Hay en una de las paredes de mi cuarto un hermoso reloj antiguo que ya no
funciona. Sus manecillas detenidas casi desde siempre, señalan
imperturbables la misma hora: las siete en punto.
Casi todo el tiempo, el reloj es sólo un inútil adorno en una blanquecina
y vacía pared.
Sin embargo hay dos momentos en el día, dos fugaces instantes en que el
viejo reloj parece resurgir de sus cenizas como un ave fénix.
Cuando todos los relojes de la ciudad, en sus enloquecidos andares marcan
las 7 y los cu-cu y los gong de las demás máquinas hacen sonar por 7 veces
su repetido canto, el viejo reloj de mi habitación parece cobrar vida.
Dos veces por día, a la mañana y a la noche, el reloj se siente en
absoluta armonia con el resto del universo.

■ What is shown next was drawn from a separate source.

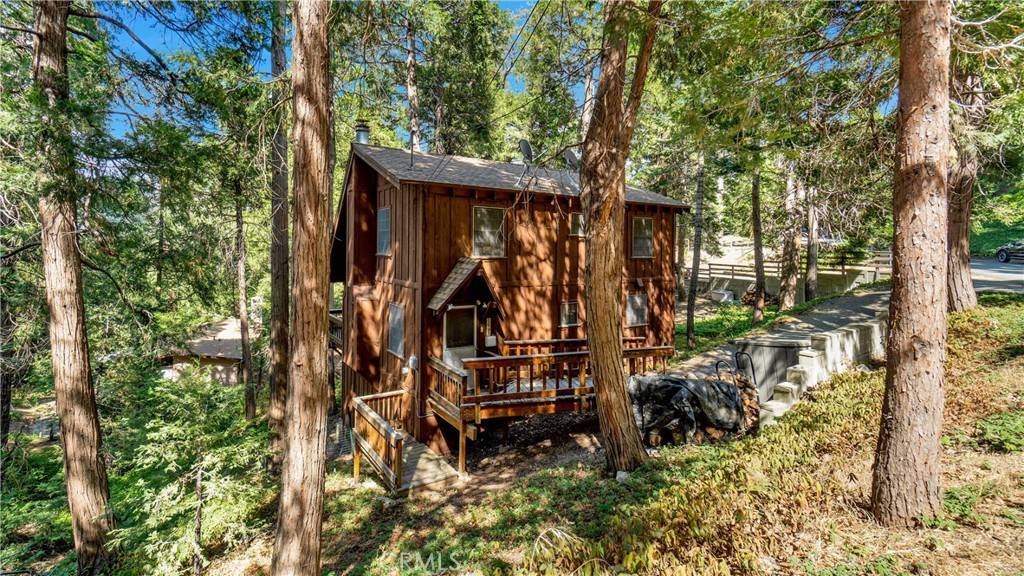 Crestline, CA 92325,1205 Jungfrau DR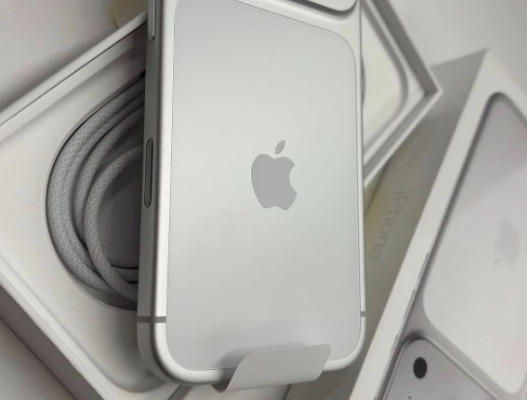 Ogłoszenie - Oryginał, Sim-Free Apple iPhone 17 Pro Max, iPhone 17 Pro, iPhone 17 , iPhone Air , iPhone 16 Pro Max, iPhone 16 Pro. Zdjęcie 5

Si alguien mirara el reloj solamente en esos dos momentos, diría que
funciona a la perfección.
Pero pasado ese instante, cuando los otros relojes han acallado su canto y
las manecillas siguen sus monótonos caminos, mi viejo reloj pierde su paso
y permanece fiel a aquella hora que alguna vez detuvo su andar.
Y yo amo ese reloj y cuanto más hablo de él, más lo amo, porque cada vez
me siento más parecido a él.
También yo estoy parado en un tiempo, también yo me siento clavado e
inmóvil, también yo soy de alguna manera un adorno inútil en una pared
vacia.
Pero tengo también fugaces momentos en que, misteriosamente, llega mi
hora.
Durante esos tiempos, yo siento que vivo. Todo está claro y el mundo se
transforma en maravilloso. Yo puedo crear, soñar, volar, decir y sentir
más cosas en esos instantes que en todos los otros momentos. Estas
conjunciones armónicas se dan y se repiten una y otra vez, como una
secuencia inexorable.
La primera vez que lo sentí, traté de aferrarme a ese instante creyendo
que podría hacerlo durar para siempre. Pero no fue así. Como a mi amigo el
reloj, también a mí se me escapa el tiempo de los otros.
... Pasados estos momentos, los otros relojes que anidan en otros hombres,
continuan su giro y yo vuelvo a mi rutinaria cotidiana , a mi trabajo, a
mis charlas de café, a mi aburrido andar que acostumbro a llamar vida.
Pero yo sé que la vida es otra cosa.
Yo sé que la vida, la vida de verdad es la suma de aquellos momentos que
aunque fugaces, nos permiten percibir la sintonía con el universo.
Casi todo el mundo, pobre, cree que vive.
Sólo hay momentos de plenitud y aquellos que no lo sepan e insistan en
querer vivir siempre, quedarán condenados al mundo gris y repetitivo andar
de la cotidianeidad.
Por esto te amo, viejo reloj, porque somos la misma cosa tú y yo.